In California, using water isn’t always as easy as turning on a faucet and the environmental impact of overuse can deplete resources swiftly and drag sludge from the Pacific.
One simple activity stands to drastically reduce these problems as more people engage in it: Harvesting the rain.
For those interested, there is a free event this Sunday from 10 a.m. until 2 p.m. at the Santa Monica Airport, called the Rain Barrel & Cistern Sales Event. It is the city of Santa Monica’s Office of Sustainability and the Environment’s (OSE) first annual rainwater harvesting products showcase and sales event. It will feature many leading manufacturers and distributors.
One especially enticing reason to check this out applies to anyone building a new structure or looking to remodel. There is a city ordinance which requires that one out of every three-quarters of an inch of rain water be captured and used.
Shopping for rainwater harvesting materials and shipping them can be costly, considering that most aren’t domestic distributors.
But if one was to go to this event, they could look at their options in front of them, as compared to looking on a computer screen and any purchases would skip any shipping fees, said Kimberly O’Cain, water resource specialists with the city of Santa Monica’s Office of Sustainability and the Environment.
There will be nine venders on hand Sunday, who sell rain barrels and cisterns.
Additionally, O’Cain points out that although the grants that helped fund individuals in the past are no longer available, rebates are now in place that cover the cost of the products and help cover the installation costs.
O’Cain points to additional incentives of keeping the groundwater stocked, protecting the bay from accumulated runoff drudge, and the internal sense of sustainability as benefits of harvesting the rain in Santa Monica.
This rain isn’t for drinking, O’Cain points out.
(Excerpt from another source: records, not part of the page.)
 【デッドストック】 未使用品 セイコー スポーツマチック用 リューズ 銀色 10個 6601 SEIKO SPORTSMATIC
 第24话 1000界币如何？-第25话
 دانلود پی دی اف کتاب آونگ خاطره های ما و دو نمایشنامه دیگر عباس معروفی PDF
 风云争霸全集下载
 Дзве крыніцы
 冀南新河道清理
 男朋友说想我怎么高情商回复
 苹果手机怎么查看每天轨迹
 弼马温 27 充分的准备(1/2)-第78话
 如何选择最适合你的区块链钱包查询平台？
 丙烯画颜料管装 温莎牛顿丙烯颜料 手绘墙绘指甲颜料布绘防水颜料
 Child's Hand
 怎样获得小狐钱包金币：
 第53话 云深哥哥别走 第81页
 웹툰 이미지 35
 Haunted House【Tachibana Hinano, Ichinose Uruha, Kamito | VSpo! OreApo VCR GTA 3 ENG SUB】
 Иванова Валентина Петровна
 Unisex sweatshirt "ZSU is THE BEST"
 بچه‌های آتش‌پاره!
Harvested rain is for irrigating small vegetable gardens, herb gardens, and, if you capture enough, an individual could water their lawn with it.
The practice of harvesting rain is relatively new to Santa Monica. About five years ago, there was a grant program for residents, which many took advantage of. As stated earlier, those grants have been replaced with rebates. Since the grants were implanted late last year, just four people have taken advantage of them. O’Cain hopes the sales event will help muster more interested conversationalists.
Rain barrels are the easiest and least expensive way to get started. Those attending can see examples of how to install the products. If rain barrels aren’t enough, cisterns are the way to go. Holding anywhere from hundreds to thousands of gallons, cisterns will
be on display for the professionals or the more adventurous.